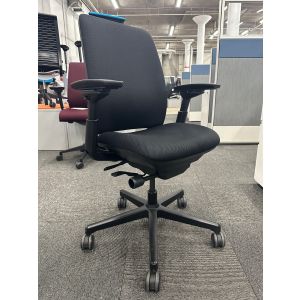 Renewed Steelcase Amia Task Chair, Black Frame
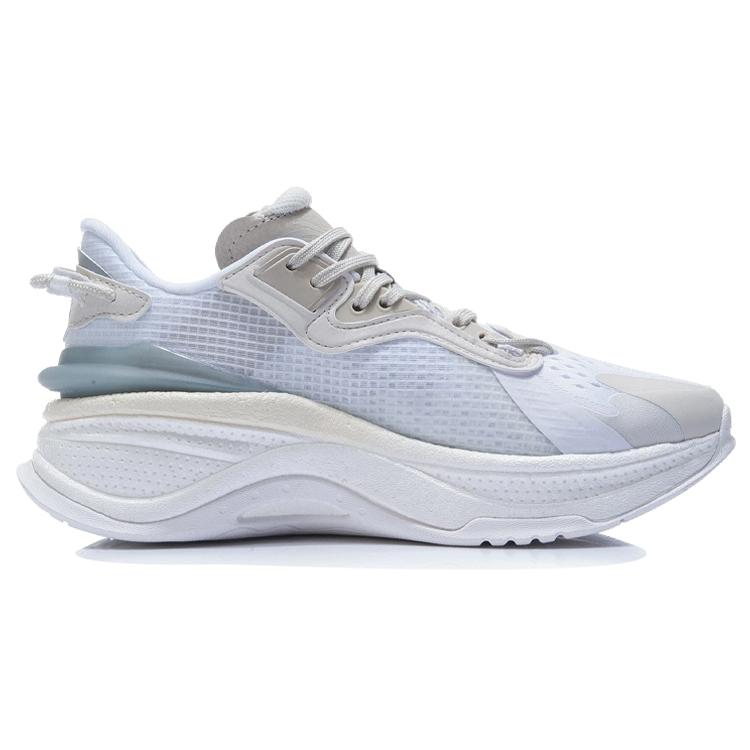 Li Ning Exceed 5 Slip Resistant, Abrasion Resistant, Lightweight Low Top Running Shoes Women's White AGLR046-2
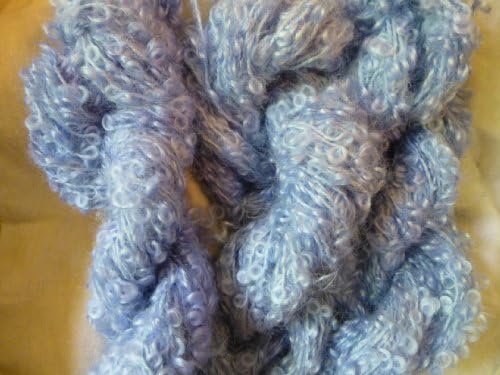 Blue Mohair Loopy Loop Boucle Yarn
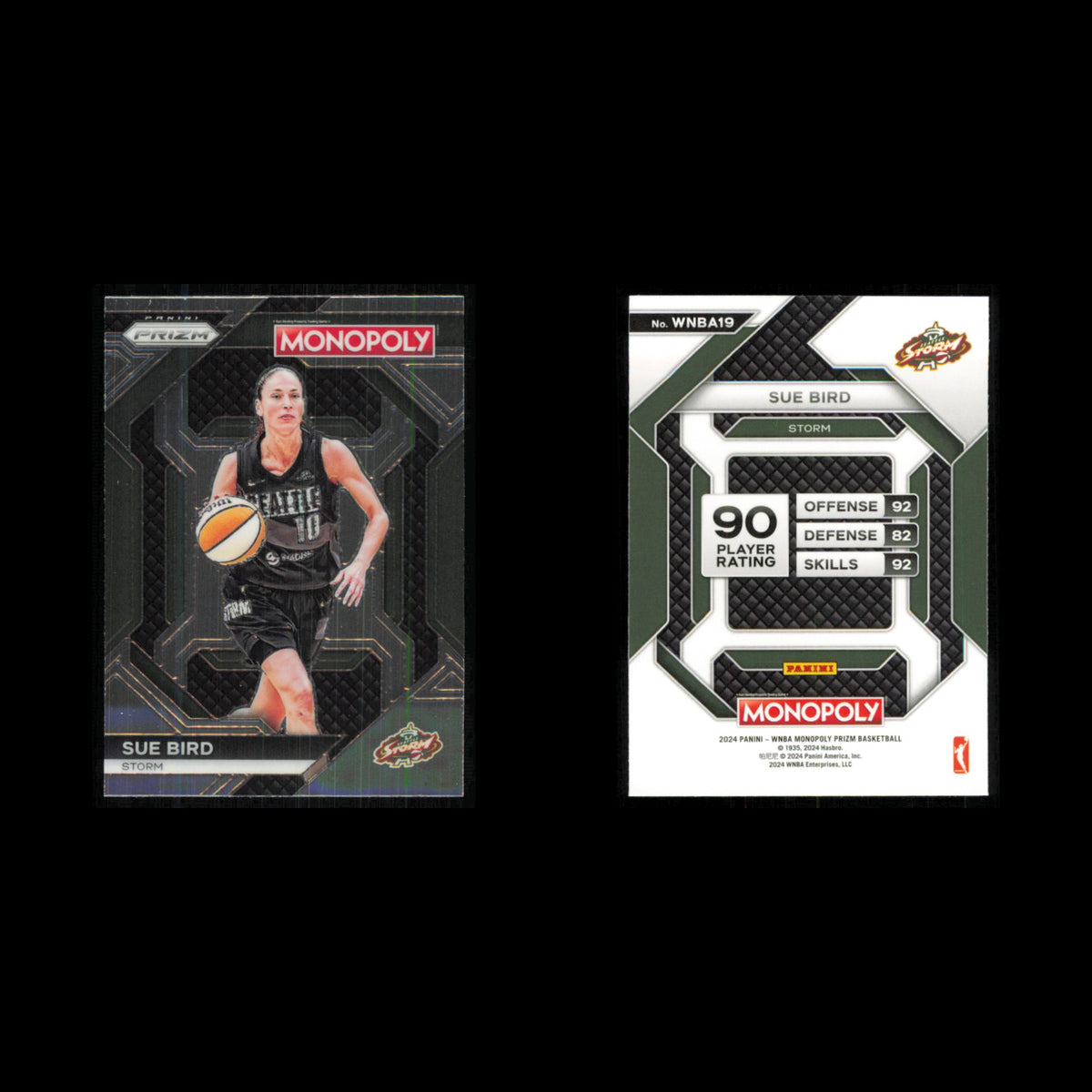 Sue Bird #WNBA19 2024 Panini Prizm Monopoly WNBA Seattle Storm Basketball Card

========

__WHAT IS NEEDED__. The output must start at the line holding "Li Ning Exceed", end at the last line of the listing above, and show each line exactly; please omit all pictures.

__RESPONSE__.
 Li Ning Exceed 5 Slip Resistant, Abrasion Resistant, Lightweight Low Top Running Shoes Women's White AGLR046-2
 Blue Mohair Loopy Loop Boucle Yarn
 Sue Bird #WNBA19 2024 Panini Prizm Monopoly WNBA Seattle Storm Basketball Card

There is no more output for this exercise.